He placed his Bible in my hand, embraced me, and, an hour afterwards, the old man and the child left my hearth solitary once more.

CHAPTER XLVII

That night, as I sat in my study, very thoughtful and very mournful, I resolved all that Julius Faber had said; and the impression his words had produced became gradually weaker and weaker, as my reason, naturally combative, rose up with all the replies which my philosophy suggested. No; if my imagination had really seduced and betrayed me into monstrous credulities, it was clear that the best remedy to such morbid tendencies towards the Superstitious was in the severe exercise of the faculties most opposed to Superstition,—in the culture of pure reasoning, in the science of absolute fact. Accordingly, I placed before me the very book which Julius Faber had advised me to burn; I forced all my powers of mind to go again over the passages which contained the doctrines that his admonition had censured; and before daybreak, I had stated the substance of his argument, and the logical reply to it, in an elaborate addition to my chapter on "Sentimental Philosophers." While thus rejecting the purport of his parting counsels, I embodied in another portion of my work his views on my own "illusions;" and as here my commonsense was in concord with his, I disposed of all my own previous doubts in an addition to my favourite chapter "On the Cheats of the Imagination." And when the pen dropped from my hand, and the day-star gleamed through the window, my heart escaped from the labour of my mind, and flew back to the image of Lilian.
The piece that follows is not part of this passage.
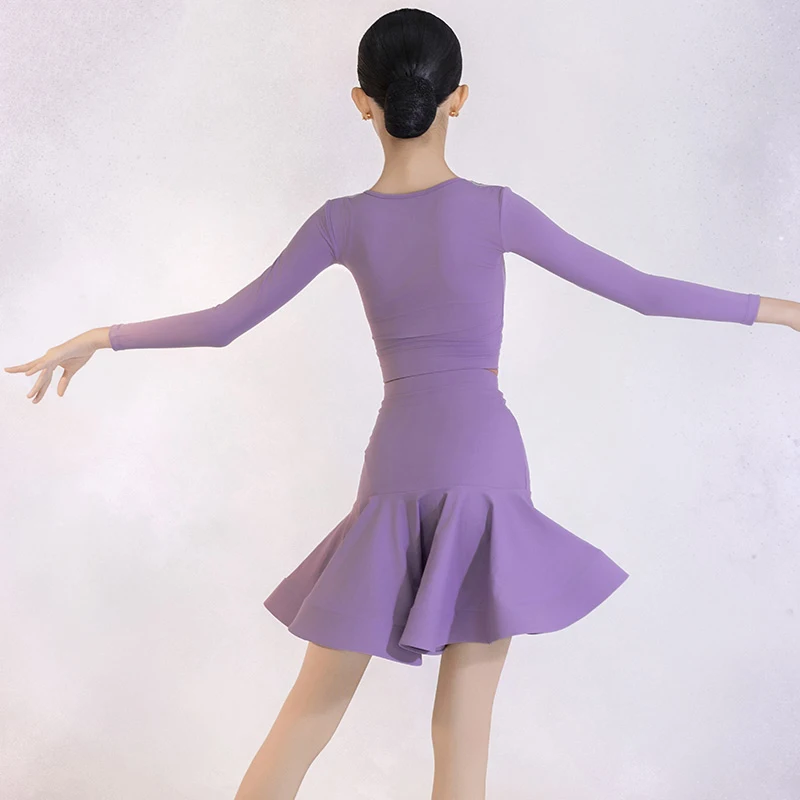 الأرجواني اللاتينية أزياء رقص الفتيات أداء الملابس طويلة الأكمام بلوزات قصيرة هيكل السمكة تنورة تشا تشا ممارسة الرقص ارتداء BL17287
The pride of the philosopher died out of me, the sorrow of the man reigned supreme, and I shrank from the coming of the sun, despondent.

CHAPTER XLVIII

Not till the law had completed its proceedings, and satisfied the public mind as to the murder of Sir Philip Derval, were the remains of the deceased consigned to the family mausoleum. The funeral was, as may be supposed, strictly private, and when it was over, the excitement caused by an event so tragical and singular subsided. New topics engaged the public talk, and—in my presence, at least—the delicate consideration due to one whose name had been so painfully mixed up in the dismal story forbore a topic which I could not be expected to hear without distressful emotion. Mrs. Ashleigh I saw frequently at my own house; she honestly confessed that Lilian had not shown that grief at the cancelling of our engagement which would alone justify Mrs. Ashleigh in asking me again to see her daughter, and retract my conclusions against our union. She said that Lilian was quiet, not uncheerful, never spoke of me nor of Margrave, but seemed absent and pre-occupied as before, taking pleasure in nothing that had been wont to please her; not in music, nor books, nor that tranquil pastime which women call work, and in which they find excuse to meditate, in idleness, their own fancies. She rarely stirred out, even in the garden; when she did, her eyes seemed to avoid the house in which Margrave had lodged, and her steps the old favourite haunt by the Monks' Well. She would remain silent for long hours together, but the silence did not appear melancholy. For the rest, her health was more than usually good. Still Mrs. Ashleigh persisted in her belief that, sooner or later, Lilian would return to her former self, her former sentiments for me; and she entreated me not, as yet, to let the world know that our engagement was broken off. "For if," she said, with good sense, "if it should prove not to be broken off, only suspended, and afterwards happily renewed, there will be two stories to tell when no story be needed. Besides, I should dread the effect on Lilian, if offensive gossips babbled to her on a matter that would excite so much curiosity as the rupture of a union in which our neighbours have taken so general an interest."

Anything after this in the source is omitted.